From: "Robert Feldt" <feldt / ce.chalmers.se>
>
> On Tue, 20 Nov 2001, Bill Kelly wrote:
> 
> > By the way, out of curiosity is the "rockit-grammar.grammar" file
> > actually used somehow, or is it just an example of what the grammar
> > _would_ be...?  You haven't found some way to pull it up by its own
> > bootstraps have you!??  ;-)
> > 
> It bootstraps itself each time someone installs it. Its not really
> difficult; you simply give a crude way to write grammars directly in Ruby
> and then you write a parser for rockit grammars within it. Then use that
> parser to parse the Rockit grammar files grammar and output a parser and
> you're all set. Good thing is that its a fairly extensive test that things
> are working.

Ah, OK.  Cool!  At the start of this regexp project I toyed with the
idea or possibility of somehow writing its own lexer in terms of a
simple regexp, and parsing that at initialization time.  So the real
regexp parser would actually be using a lexer built from a simple
regexp. . . but the lexing of the thing is so simple in code it
seemed this extra layer might only complicate or obfuscate the problem.
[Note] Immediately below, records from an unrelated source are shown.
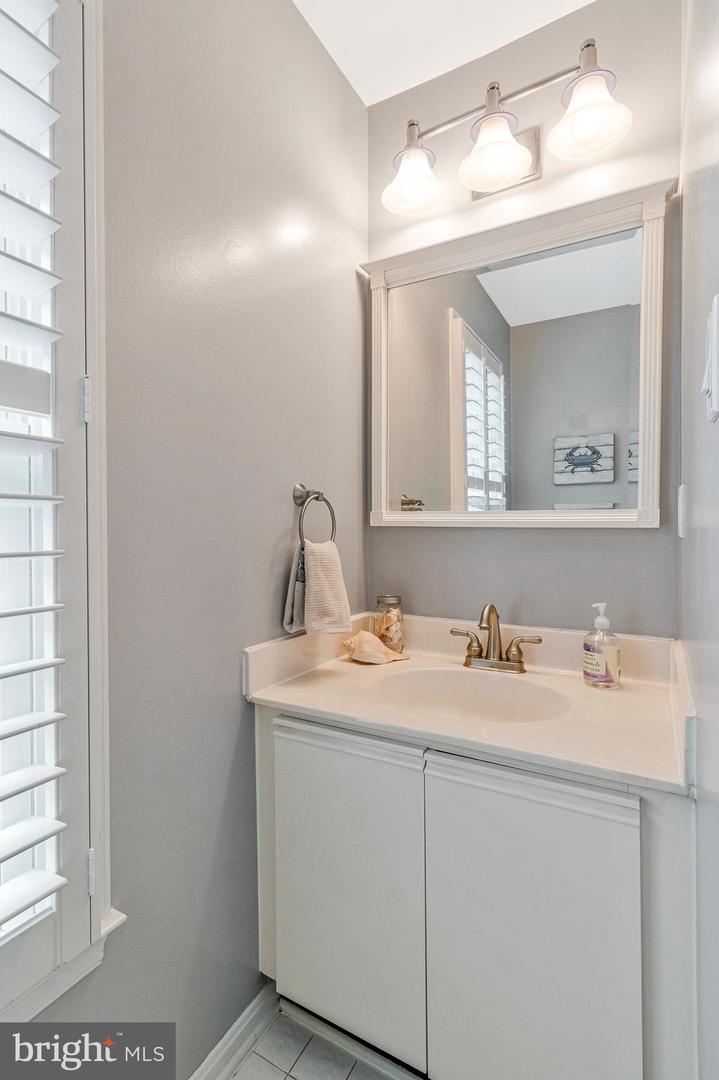3810 USHER CT, ALEXANDRIA, Virginia 22304, 3 Bedrooms Bedrooms, ,2 BathroomsBathrooms,Residential,For sale,3810 USHER CT,VAAX2046758 MLS # VAAX2046758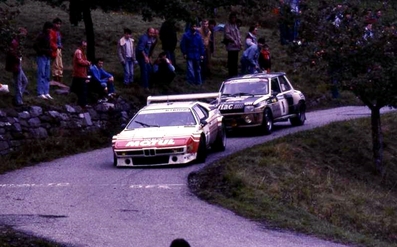 43º Tour de France Automobile 1984
Por delante el #6 BMW M1 (4102 QC 78) de Bernard Béguin - Jean-Jacques Lenne, abandonó por avería mecánica.

Detrás el #8 Renault 5 Turbo de François Chatriot - Michel Perin, abandonó por accidente.

Del 24 al 28 de Septiembre, Paris, Nice, Francia.
Superficie: asfalto.

Tomaron la salida 96 equipos, finalizaron 55.@@
Palabras clave: BMW;Renault;Turbo;Grupo_B;Tour_France_Automobile;Francia;1984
But for Rockit, since you'd be getting both the lexer and the parser,
that kind of bootstrapping sounds really cool.


[...]
> Ok, interesting. Will you be writing this in Ruby or C?

Straight 'C'.  Old-school 'C', in fact, with the parameter list
separate from the type declarations of the parameters. :-/

However we have the potential to expose some of its underlying
functionality through an extension, of course. . .


[...]
> The above "regexp" can for example be written 
> 
>   non_paren = plus( any_but( "(", ")" ) ) 
>   re = seq("(", (non_paren || recurse), ")")
> 
> in the Rockit parser combinators but I'm not sure of a good syntax to
> write the recursion. Unfortunately :?? doesn't work or we could use the
> same "symbol"...

Interesting, well as another poster pointed out, these regexp
extensions are pretty non-intuitive as mnemonics.  I think your
"recurse" or something like "this_seq", etc. would seem to be
much more in line with your more readable grammar specifications. :-)


Regards,

Bill